However, you are probably wasting your time on the various hobgoblins and eerie powers you list. We do not see such phenomena, werewolves, resurrections, or mind controls, requiring scientific explanation. One must first demonstrate them publicly and repeatedly, which in most cases defies their very definition.

As Hume pointed out, what we mean by a "miracle" is precisely that which cannot be predicted, controlled, or experimentally repeated. We now fly, cure plague, transmit voices over miles, and perform other formerly "miraculous" deeds. But they are no longer "miracles," except metaphorically.

(emphasis mine)

The requirement that to demonstrate that something may happen or has happened (especially a miracle) requires public and repetitive demonstration of it happening strikes me as odd.

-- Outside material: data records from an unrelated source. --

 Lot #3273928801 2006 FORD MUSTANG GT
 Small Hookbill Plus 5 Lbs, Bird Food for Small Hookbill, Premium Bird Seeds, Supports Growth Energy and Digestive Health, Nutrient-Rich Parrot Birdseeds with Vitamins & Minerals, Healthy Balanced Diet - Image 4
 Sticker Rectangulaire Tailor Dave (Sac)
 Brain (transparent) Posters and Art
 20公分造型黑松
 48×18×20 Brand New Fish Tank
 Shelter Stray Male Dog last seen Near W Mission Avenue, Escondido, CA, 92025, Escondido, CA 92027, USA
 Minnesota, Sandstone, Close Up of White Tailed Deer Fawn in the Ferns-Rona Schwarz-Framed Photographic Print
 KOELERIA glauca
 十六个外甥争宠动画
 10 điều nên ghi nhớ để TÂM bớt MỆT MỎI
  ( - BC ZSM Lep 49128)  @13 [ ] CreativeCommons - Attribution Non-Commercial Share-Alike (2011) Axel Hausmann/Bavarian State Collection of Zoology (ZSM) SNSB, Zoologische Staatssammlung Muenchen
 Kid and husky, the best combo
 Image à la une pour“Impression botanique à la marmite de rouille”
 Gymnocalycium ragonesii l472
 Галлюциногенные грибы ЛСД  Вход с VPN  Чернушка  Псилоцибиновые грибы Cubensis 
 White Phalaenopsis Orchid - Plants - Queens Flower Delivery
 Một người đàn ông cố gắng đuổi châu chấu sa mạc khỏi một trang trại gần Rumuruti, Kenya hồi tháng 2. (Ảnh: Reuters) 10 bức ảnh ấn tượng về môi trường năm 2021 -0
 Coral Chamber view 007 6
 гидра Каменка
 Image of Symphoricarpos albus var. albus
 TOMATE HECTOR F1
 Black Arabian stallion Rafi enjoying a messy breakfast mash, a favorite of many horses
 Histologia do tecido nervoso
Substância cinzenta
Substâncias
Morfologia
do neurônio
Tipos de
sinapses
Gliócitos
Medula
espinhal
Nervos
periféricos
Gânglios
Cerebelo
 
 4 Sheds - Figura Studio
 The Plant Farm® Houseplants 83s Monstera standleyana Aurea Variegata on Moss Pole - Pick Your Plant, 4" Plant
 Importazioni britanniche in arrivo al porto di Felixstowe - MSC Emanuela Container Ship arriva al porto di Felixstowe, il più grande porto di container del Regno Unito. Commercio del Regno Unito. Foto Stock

There are lots of things that are accepted to have happened even though they cannot be demonstrated repeatedly. It would seem to me that not even rationalists consistently stick to the requirement of repeated demonstration:

  • Court room evidence. It would be absurd to require that a person accused of murder commits this act consistently, repeatedly and publicly in circumstances resembling the circumstances of the alleged already committed crime before declaring him guilty. Instead even rationalists accept the validity of abductive reasoning in such cases in place of experimentation. We collect observations of the current state of affairs and through examination of such observations we conclude that the most likely reason of the presence of these observations is that the suspect has indeed committed murder. We do NOT require public, repeated demonstration of the suspect committing murder.
  • This also seems the only available way to practice history. In most cases we cannot conduct experiments that would verify historical claims. For example, we cannot go back to year 814 and produce a living Charlemagne to demonstrate the possibility that Charlemagne died in 814.
  • Less absurdly, it would seem to me that we cannot experimentally prove evolution either. Evolution happens too slowly, we do not have that much time. We may have plenty of evidence that evolution has been and is going on, but NOT repeated demonstration of it happening. Yet, it is irrational to disbelief the theory of evolution, not the other way around.

It would seem to me that rationalists dropped the requirement of repeated demonstration in all cases BUT in the case of miracles, where they still require repeated, experimental demonstration, even though - as the answer I quoted points out - the very definition of a miracle says we cannot experimentally test it.

It would seem to me that perhaps this sort of argument conflates 'has happened' with 'does happen'. Courtroom evidence may strongly suggest that the suspect HAS committed murder, while repeated demonstration in experiments could show that the suspect has an ongoing inclination to commit ever more murders - these are two different things. Same for Charlemagne's death in 814. (Evolution is even trickier, because we accept from existing evidence other than repeated demonstration that it both has been happening and is happening.)

Based on the above, may I ask why is it required for a miracle to be repeatedly demonstrated through experimentation in order to accept the possibility of it happening? We cannot provoke a miracle to happen, but we may ABDUCTIVELY, rather than experimentally, conclude that it may have happened in the history.

Resurrections for example, since the answer I quoted mentioned them. As I understand, those like N.T. Wright or Gary Habermas attempt to employ historical, abductive reasoning to conclude that Jesus has likely risen from the dead. It is not my intention to ask here whether the conclusion is warranted or not. Rather, I'd like to ask if this methodology is the correct one to approach such a problem. If I understand the answer I quoted above, it is not - we cannot accept resurrections until we repeatedly, experimentally demonstrate people rising from the dead. And yet even rationalists are happy to employ such reasoning to demonstrate the existence of Jesus.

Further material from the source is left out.